Backchannel matching is case-insensitive, ignores punctuation for matching and word-count purposes, trims surrounding whitespace, and requires a matching acknowledgement phrase, no more than three whitespace-delimited words, and duration no greater than SERIATIM_BACKCHANNEL_MAX_DURATION seconds. The default maximum duration is 2.0 seconds.

Fillers

The default pipeline runs filler after backchannel and before coalesce. It tags short filler utterances with:

"categories": ["filler"]

Filler matching is case-insensitive, ignores punctuation for matching and word-count purposes, trims surrounding whitespace, and requires only filler tokens such as um, uh, er, erm, ah, eh, hmm, mm, or repeated combinations of those tokens. Matching segments must contain no more than three whitespace-delimited words and have duration no greater than SERIATIM_FILLER_MAX_DURATION seconds. The default maximum duration is 1.25 seconds.

Dangler Resolution

The default pipeline runs resolve-danglers before coalesce and before the second overlap detection pass. It repairs short derived fragments when they share provenance with a nearby segment:

Dangling-end fragments have no more than two words and end in punctuation.
Dangling-start fragments have no more than two words.
Matching uses same-speaker segments with any shared derived_from value.
Merged segments use source_ref values such as resolve-danglers:1, keep the target segment's transcript position, and union derived_from.

Coalescing

The default pipeline runs coalesce after resolve-danglers and before the second overlap detection pass.
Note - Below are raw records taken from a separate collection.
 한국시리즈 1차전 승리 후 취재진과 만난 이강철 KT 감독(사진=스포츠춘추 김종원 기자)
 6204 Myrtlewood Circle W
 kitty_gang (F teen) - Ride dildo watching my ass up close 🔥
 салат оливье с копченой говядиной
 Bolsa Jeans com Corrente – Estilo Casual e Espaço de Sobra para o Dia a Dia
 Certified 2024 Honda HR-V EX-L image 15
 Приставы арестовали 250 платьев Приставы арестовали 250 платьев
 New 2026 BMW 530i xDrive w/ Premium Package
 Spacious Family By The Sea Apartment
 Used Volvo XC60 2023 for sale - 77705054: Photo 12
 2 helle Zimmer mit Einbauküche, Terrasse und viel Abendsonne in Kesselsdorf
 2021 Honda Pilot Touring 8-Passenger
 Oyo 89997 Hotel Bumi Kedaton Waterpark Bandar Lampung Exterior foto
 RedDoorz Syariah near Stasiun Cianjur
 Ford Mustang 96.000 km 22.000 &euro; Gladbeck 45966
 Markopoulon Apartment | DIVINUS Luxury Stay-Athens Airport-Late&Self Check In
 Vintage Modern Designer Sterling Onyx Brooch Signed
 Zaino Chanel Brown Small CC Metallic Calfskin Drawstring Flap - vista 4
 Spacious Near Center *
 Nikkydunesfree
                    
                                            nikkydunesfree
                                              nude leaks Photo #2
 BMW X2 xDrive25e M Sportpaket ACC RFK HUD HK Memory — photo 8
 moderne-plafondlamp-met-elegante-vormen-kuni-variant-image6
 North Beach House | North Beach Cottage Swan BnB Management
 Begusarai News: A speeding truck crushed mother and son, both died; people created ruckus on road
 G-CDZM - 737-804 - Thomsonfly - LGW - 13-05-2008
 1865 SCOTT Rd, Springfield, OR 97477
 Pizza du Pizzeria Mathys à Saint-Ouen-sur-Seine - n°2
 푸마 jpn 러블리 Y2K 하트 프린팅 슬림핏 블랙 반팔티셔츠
It merges adjacent same-speaker segments in the transcript's current order when next.start - current.end <= --coalesce-gap.

Coalesced segments use source_ref values such as coalesce:1, include derived_from, and omit source_segment_index.

Different-speaker backchannel and filler segments do not block coalescing of surrounding same-speaker segments. Same-speaker backchannel and filler segments are merged normally when they are within --coalesce-gap. When same-speaker segments are coalesced, any backchannel or filler category from the merged inputs is dropped from the coalesced segment.

Autocorrect

Autocorrect is included in the default postprocessing pipeline. If --autocorrect is omitted, the module leaves transcript text unchanged and records a skip event in the optional report.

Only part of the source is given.